HIV-1 CRF08_BC is one of the five main HIV-1 subtypes and circulating recombinant forms in China, along with HIV-1 CRF07_BC, CRF01_AE, CRF55_01B, and B’ (Thai B) [16]. A previous study showed that HIV-1 CRF08_BC was the fourth prevalent genotype in China, accounting for 6.60%, and the first, second, and third prevalent genotypes in China were HIV-1 CRF01_AE (39.69%), CRF07_BC (20.47%), and subtype B (17.50%), respectively [17]. HIV-1 CRF08_BC is the second CRF that was discovered in China, and it is thought to have emerged through the recombination of HIV-1 subtypes B’ and C among injecting drug users (IDU) [1820]. Many studies have explored the origin, spread, evolutionary history, and factors driving the dispersal of HIV-1 CRF08_BC [16,2123]. A previous study estimated the mean TMRCA of HIV-1 CRF08_BC ranging from 1989.3 to 1990.3, and the mean evolutionary rate ranged from 1.7 × 10−3 to 1.8 × 10−3 substitutions per site per year using partial gag-pol genes under different evolutionary models [23]. Feng Y et al. estimated the TMRCA of HIV-1 CRF08_BC at around 1992, with a mean evolutionary rate ranging from 2.23 × 10−3 to 6.36 × 10−3 substitutions per site per year using partial gag-pol-env genes [22]. In Liu et al. [24], the authors performed a phylogeographic analysis of the gag-pol genes, which identified Yunnan as the possible origin of CRF08_BC. However, all of the aforementioned studies use partial or sub-genomic regions, which ignores patterns that are imprinted in other longer genomic regions. Furthermore, the studies lack a comprehensive exploration of best performing models to achieve an accurate phylodynamic reconstruction of CFR08_BC [25].

In the present study, we aim at filling this important gap in our understanding of the dynamics and timing of HIV-1 CRF08_BC by employing state-of-the-art approaches to investigate the early genomic epidemiology of HIV-1 CRF08_BC based on all available genomes of HIV-1 CRF08_BC sampled from China and Myanmar with sampling dates between 1997–2013 among various risk groups. Our study provides insights into the spatiotemporal dynamics of HIV-1 CRF08_BC in China and elsewhere.

Materials and methods

Collation of near-complete genome dataset of HIV-1 CRF08_BC

All available near-complete genomes (HXB2 genome position 1–9719, with minimum fragment length of 8000 bp) of HIV-1 CRF08_BC with known sampling dates and geographic information were retrieved from the Los Alamos National Laboratory (LANL) HIV Sequence Database (https://www.hiv.lanl.gov/content/sequence/HIV/mainpage.html) as of 26 September 2021. ‘Include problematic sequences’ and ‘One sequence/patient’ were unselected and selected, respectively, before download. The final dataset (‘full28’) included 28 publicly available near-complete genomes (sequence length ranging between 8103 bp and 8782 bp) of HIV-1 CRF08_BC sampled from China (Gansu Province, n = 1; Guangdong Province, n = 2; Guangxi Province, n = 4; and Yunnan Province, n = 19), and Myanmar (n = 2), with known sampling time (1997–2013), and risk groups (heterosexual, Hetero, n = 4; injecting drug users, IDU, n = 19; mother-to-baby, MB, n = 1; sexual undescribed, SU, n = 3; and not recorded, NR, n = 1). The ‘full28’ dataset of collected sequences was aligned using MAFFT v7.222 [26] and subsequently manually edited using BioEdit v7.2.5 [27]. Multiple sequence alignments were screened for recombination using RDP v4.101 [28,29] and no recombinant sequences were identified.
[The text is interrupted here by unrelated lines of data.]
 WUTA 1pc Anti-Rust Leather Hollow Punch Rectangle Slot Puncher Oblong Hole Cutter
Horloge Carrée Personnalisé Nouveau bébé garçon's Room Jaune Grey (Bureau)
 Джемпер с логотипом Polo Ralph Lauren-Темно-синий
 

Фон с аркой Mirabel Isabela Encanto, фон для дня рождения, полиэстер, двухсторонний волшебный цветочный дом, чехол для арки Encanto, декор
Nucleotide substitution model and maximum-likelihood phylogenetic analyses

The best-fit nucleotide substitution model for ‘full28’ was identified according to the Akaike Information Criterion (AIC), Corrected Akaike Information Criterion (AICc), Bayesian Information Criterion (BIC), and Decision Theory Performance-based Selection (DT) with three substitution schemes (24 candidate models) in jModelTest v2.1.10 [30]. With equal/unequal base frequencies (+F), with/without a proportion of invariable sites (+I), with/without rate variation among sites (+Γ) (nCat = 4; Γ4) [31]. ‘Maximum-likelihood (ML) tree’ for base tree for the likelihood calculations and ‘BEST’ tree topology search operation models were also selected. ML phylogenetic reconstruction for ‘full28’ was performed using PhyML v3.1 [32] under a general time-reversible substitution model (GTR) with among-site variation (+Γ4) and a proportion of invariable sites (+I), designated as GTR+Γ4+I, which was selected as the best-fit model for ML inference by the four model selection methods (AIC, AICc, BIC, and DT) using jModelTest v2.1.10 [30]. Node support was estimated using 1 000 bootstrap replicates [33]. The phylogenetic tree and map were visualized and annotated using Microreact [34].
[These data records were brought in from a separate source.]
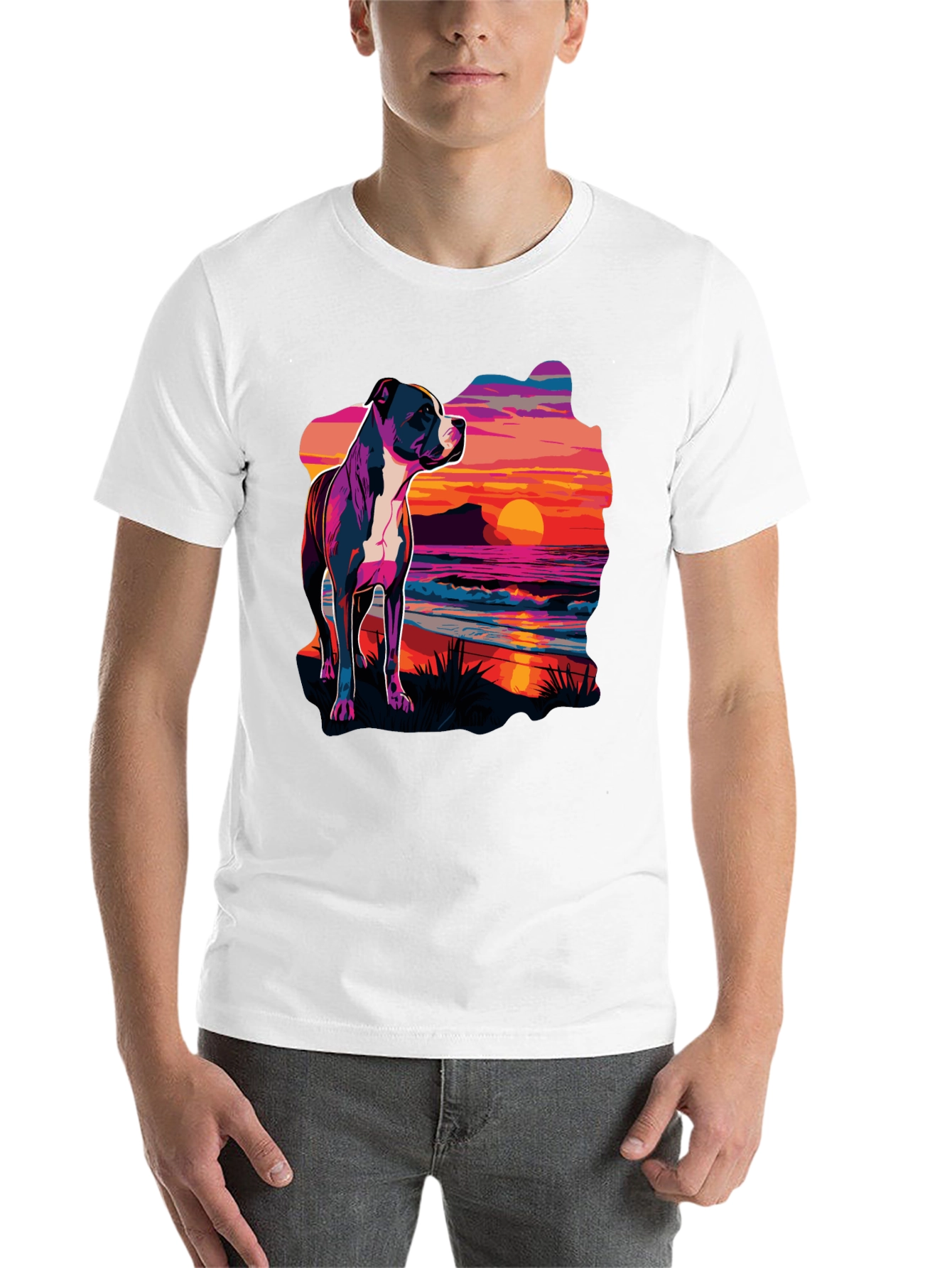 Black Sunset Pitbull Graphic Tee - Cool Dog Lover Shirt view 14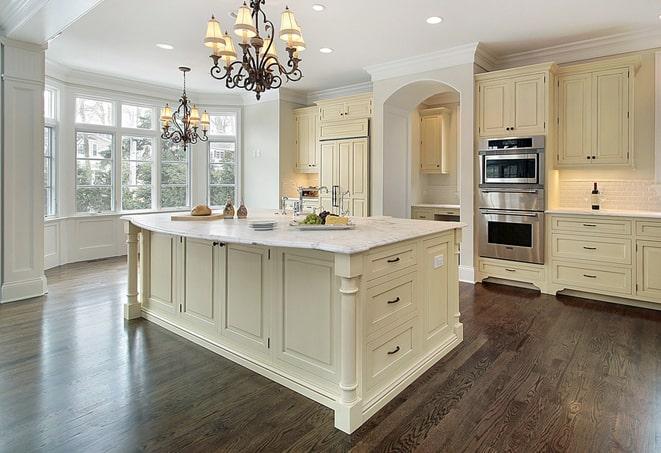 shiny laminate flooring in modern kitchen in Highland Springs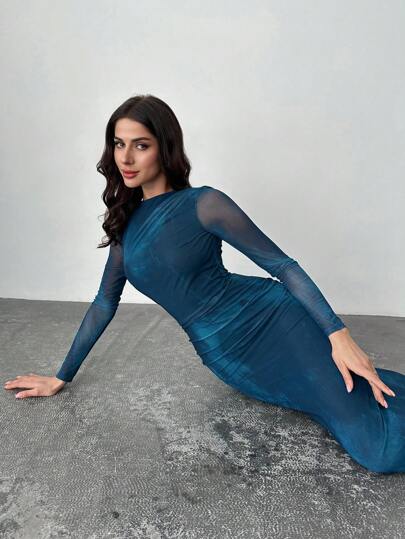 Firerie Vestido largo de manga larga con degradado azul-verde y malla para mujer, para ir a trabajar/elegante/vacaciones/playa/Hawái/Día de San Valentín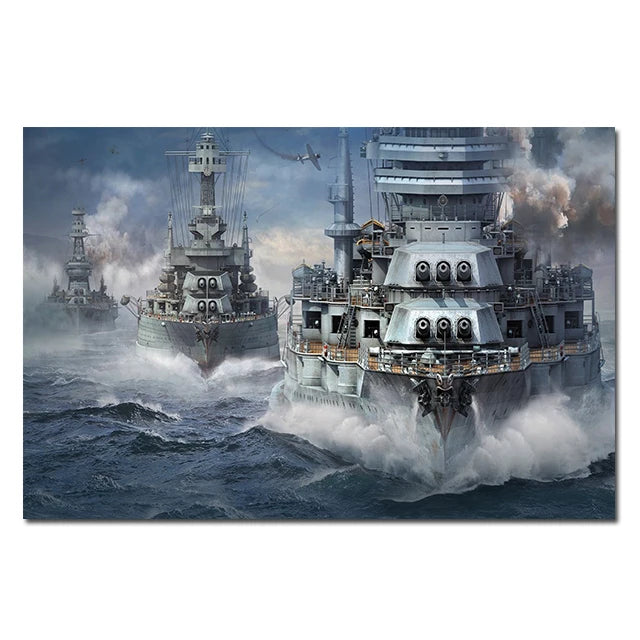 A dramatic painting of two historical battleships sailing through rough seas with smoke and spray.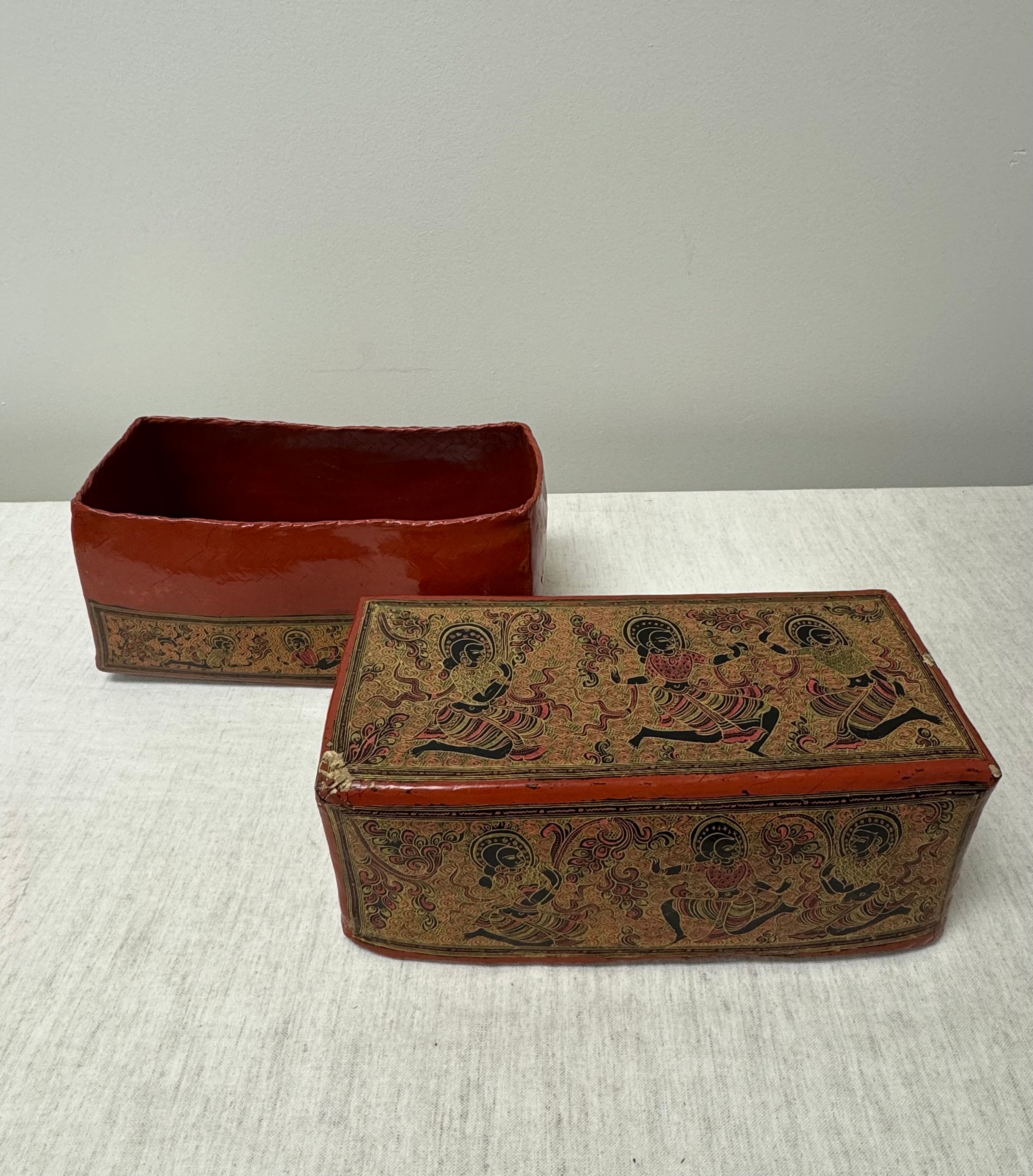 Vintage Thai Red Lacquerware Box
Temporal signal and time-scaled phylogenetic analyses

Temporal signal analysis of ‘full28’ were performed using TempEst v1.5.3 [35]. The input tree was the ML tree generated using PhyML v3.1 [32] as mentioned above. ‘Best-fitting root’ option was selected. Time-scaled phylogenetic reconstruction of ‘full28’ was performed through a Markov chain Monte Carlo (MCMC) [36] framework implemented in BEAST (Bayesian Evolutionary Analysis by Sampling Trees) v1.10.4 [37], employing the BEAGLE v4.0.0 [38] high-performance computational library to improve performance. In order to explore the best combination models for ‘full28’, we selected seven coalescent tree priors for ‘full28’: constant size [39], exponential growth [40], logistic growth [40], expansion growth [40], Bayesian Skyline [41], GMRF Bayesian Skyride [42], and Bayesian Skygrid [43]. In addition, we explored two clock models: a strict clock and an uncorrelated relaxed clock with log-normal distribution (UCLN) [44], in combination with each tree prior. In each model combination, the molecular clock rate was set with an uninformative continuous-time Markov chain (CTMC) reference prior [45]. Each Bayesian inference was run for 500 million MCMC states, and sampled every 50 000th MCMC states, in order to reach effective sample sizes (ESSs) for all relevant parameters of at least 200, as determined by Tracer v1.7.2 [46]. We performed Bayesian model selection through marginal likelihood estimation (MLE) to determine the combination of molecular clock and coalescent models that best fits the ‘full28’ dataset. To this end, we employed path-sampling (PS) and stepping-stone sampling (SS) [25,47,48] by running 100 path steps each comprising 10 million states, sampling every 1 000th states, with power posteriors determined from evenly spaced quantiles of a beta (0.3, 1.0) distribution [49]. Each model combination was run 3 times to confirm the consistency of each model combination, to a total of 42 independent Markov chains being set up. We extracted the estimates of evolutionary rate and TMRCA for each model combination using Tracer v1.7.2 [46].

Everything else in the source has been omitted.